About eight years ago, the National Museum of Natural History built a warehouse of freezers and liquid nitrogen tanks, called a biorepository, for storing tissues and DNA samples. Scientists around the world use these samples for sequencing — saving time, resources and trips to remote field sites.
“This has not typically been one of the missions of museums around the world,” said Jonathan Coddington, senior research entomologist at the Smithsonian’s National Museum of Natural History. “But museums have always been in the business of supporting current research.” Moving forward, more of that research will involve working with DNA.
Coddington leads the Global Genome Initiative — which supports a network of over 95 organizations across 30 countries working to collect and preserve Earth’s biodiversity in these types of biorepositories within six years. The Initiative’s collections and data will help researchers make the Earth Biogenome Project’s colossal goal a reality.
Cracking the code of life
Genomics studies have already disrupted much of what we thought we knew about the natural world. Researchers traditionally defined and grouped species together based on their appearance and physical traits. But once scientists began sequencing genomes, they realized some species are much more closely related than previously thought, while others are barely related at all.
“It has completely reorganized what we understood about the evolutionary history of plants,” said Coddington. “The same thing happened in birds and in spiders. Group after group after group.”
Revealing how organisms evolved and relate to each other helps scientists understand how they adapt to changes. This knowledge can help humans adapt — through agricultural development, biomedical advances and even behavioral changes — to challenges like pandemics and global climate change.

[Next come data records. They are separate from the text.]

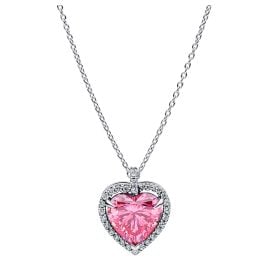Pandora 394414C01-45 Damen-Kette Pinkfarbenes Halo Herz Silber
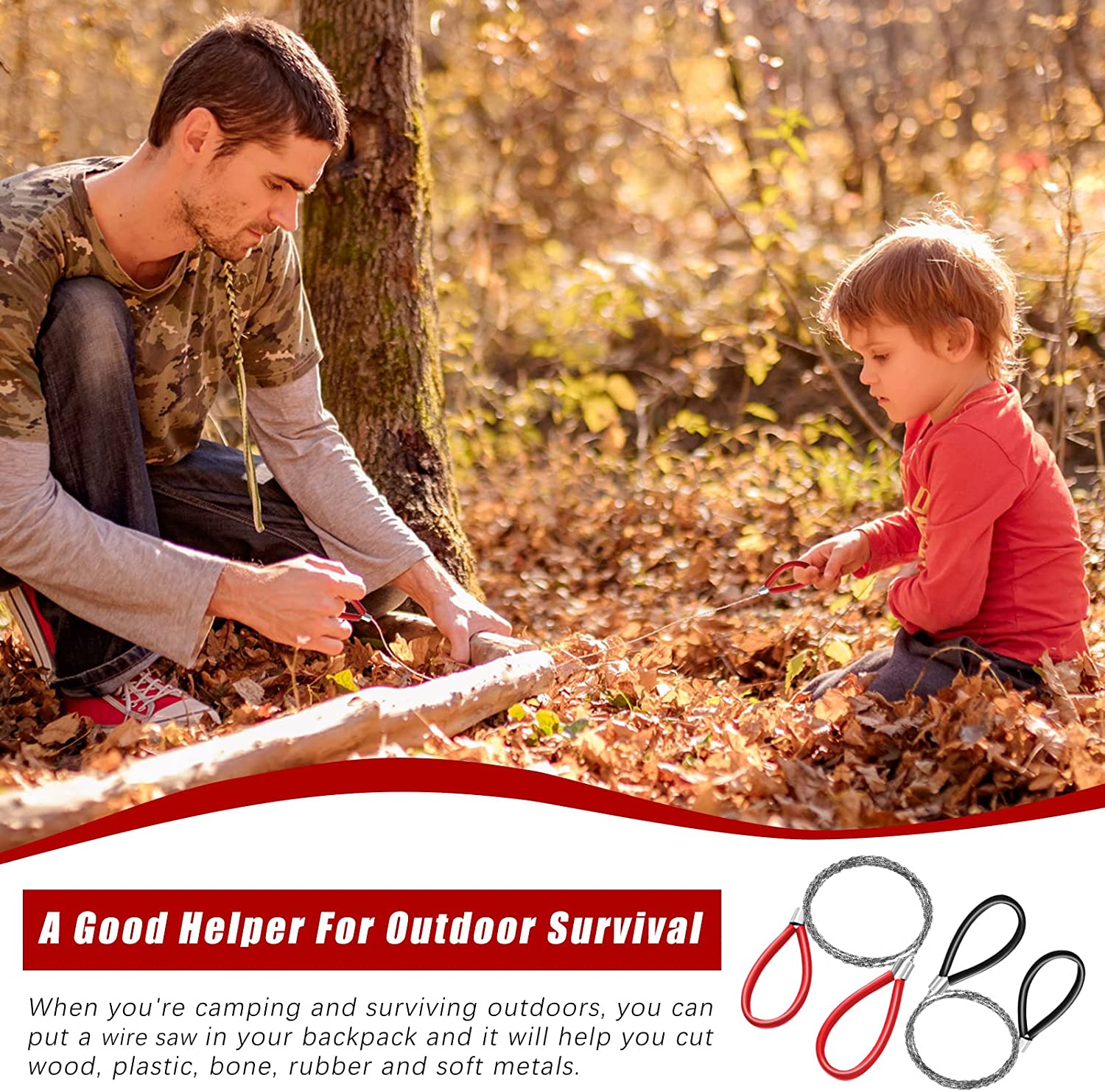 Scie à câble de tuyau en PVC scie à fil en acier inoxydable outil de coupe de fil de survie d'urgence de corde de poche à main - 4
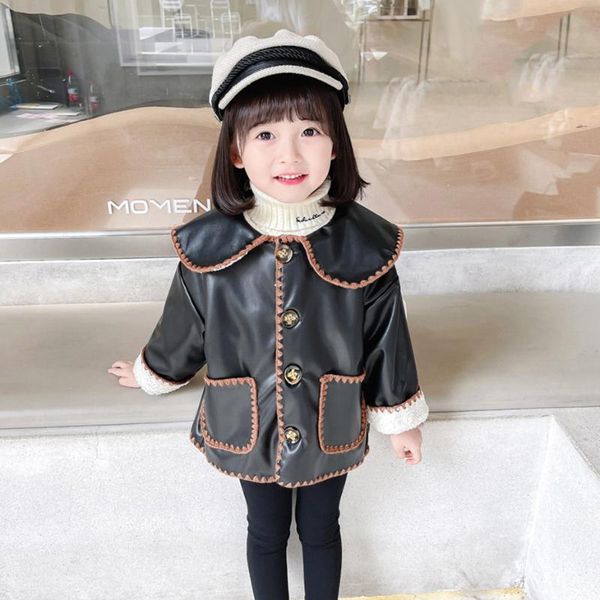 

jackets girls fur coat cotton padded coats thick warm children's toddler winter kids clothes, Blue;gray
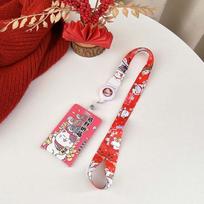 Cartoon Card Case Maneki Neko Card Holder Long Rope ID Card Holders  Girls Gift StyleH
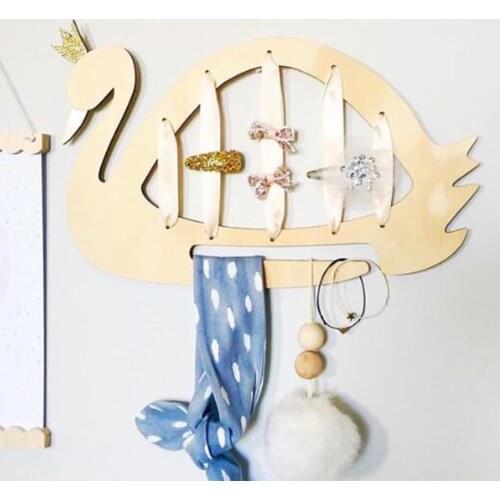 Wooden Swan Hair Clips Holder Hanging Wall Ornament Home Decor Photography Prop The swan-shaped ornament is very beautiful cute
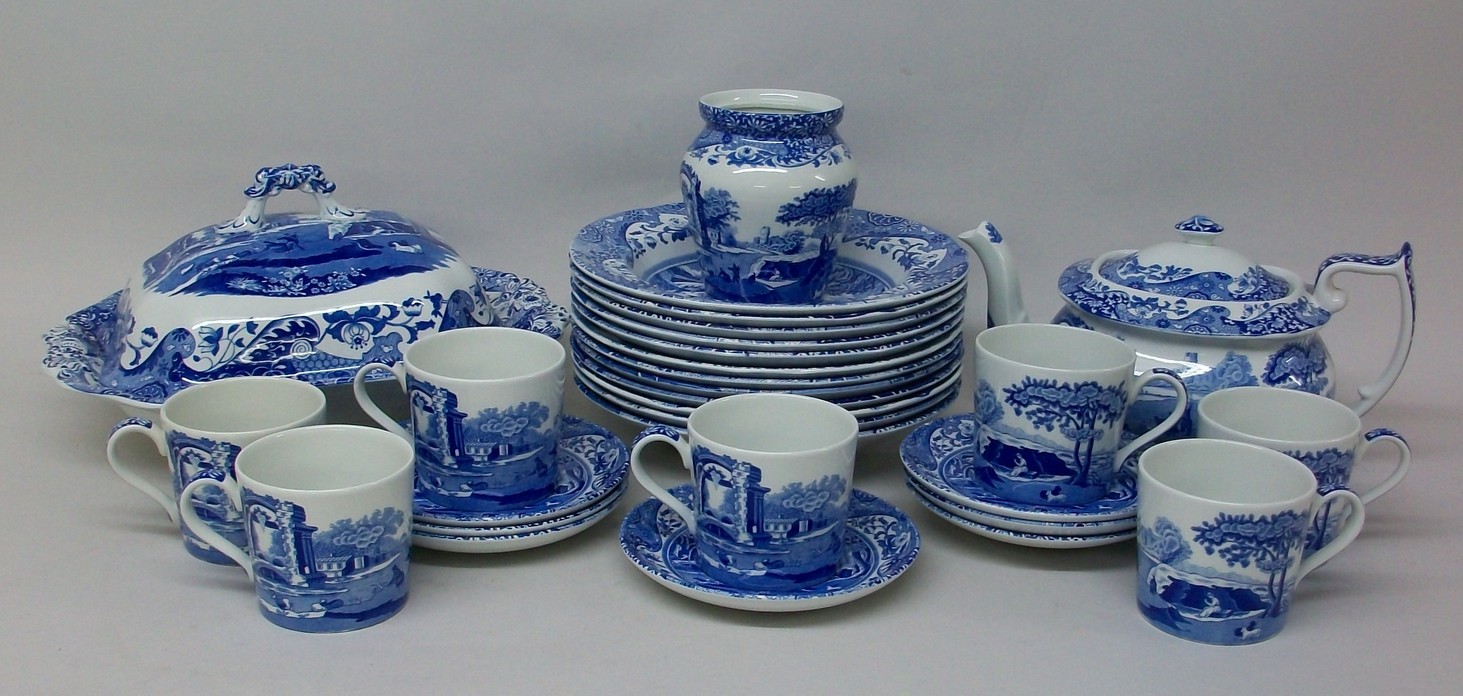A Copeland Spode blue and white tureen and cover decorated in the Italian pattern, twelve soup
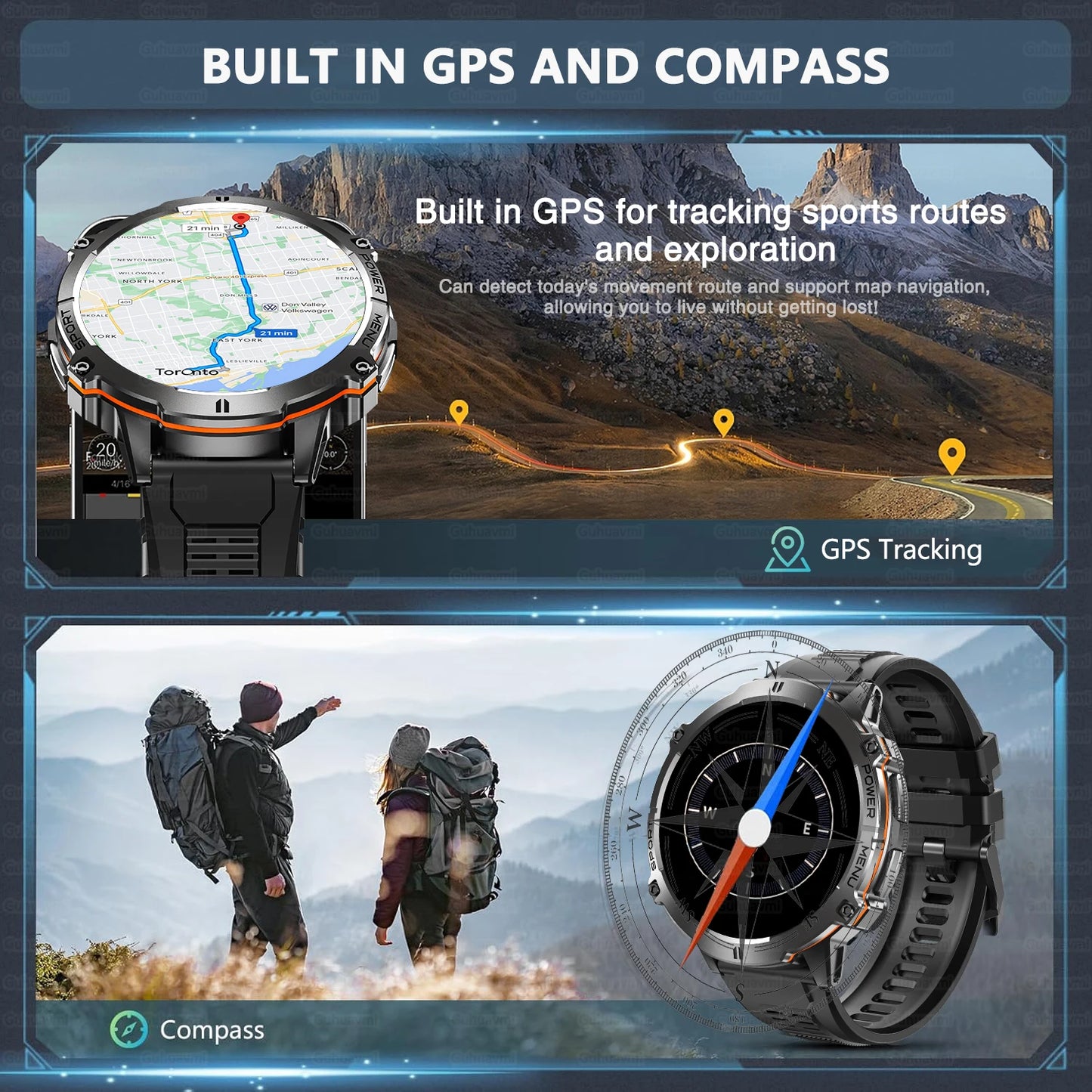 T-Rex 3 Military Grade 1000mAh Battery Smart Watch 10ATM Waterproof GPS.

“Genomics may well be the reason why we are able to make it through this coming period of global climate change in as healthy a way as possible,” said Johnson from the Smithsonian Walter Reed Biosystematics Unit. “It’s going to completely change the way that we see and interact with the world.”
Comparing genomes across species can also teach researchers about how organisms interact with each other. For example, scientists discovered that many parasites have lost some of their genes and instead rely on their hosts’ genomes. Some of them have extraordinarily short genomes, yet still manage to change and take advantage of their host’s behavior.
“I find it completely fascinating that something with a much simpler genome can manipulate an animal that is arguably much more complicated than itself,” said Katrina Lohan, a parasite ecologist at the Smithsonian Environmental Research Center. She added that efforts like the Earth BioGenome Project could help parasitologists identify unknown species, but additional research is required to understand their impacts on individuals and ecosystems. “We know so little about the diversity of parasites in general.”
Researchers also study the spread of parasites and pathogens by examining the genomes of their hosts. SARS-CoV-2 — the virus responsible for the COVID-19 pandemic — enters human cells by tricking a particular protein, known as ACE2, that acts as a gatekeeper into letting it inside. A group of researchers at the Smithsonian and around the world recently compared the DNA and protein sequences of ACE2 of 410 animal species to find organisms with similar proteins that the virus might be able to trick. The scientists used available genomes to find the ACE2 sequences. They used this information to predict which animals besides humans might be susceptible to contracting and spreading COVID-19.
“I think it's a great example of the power of comparative genomics,” said Klaus-Peter Koepfli, a conservation biologist at the Smithsonian’s Conservation Biology Institute who worked on the project. He and other scientists who work with genomes expect our understanding of biology to expand in exciting ways as they unravel the secrets within DNA.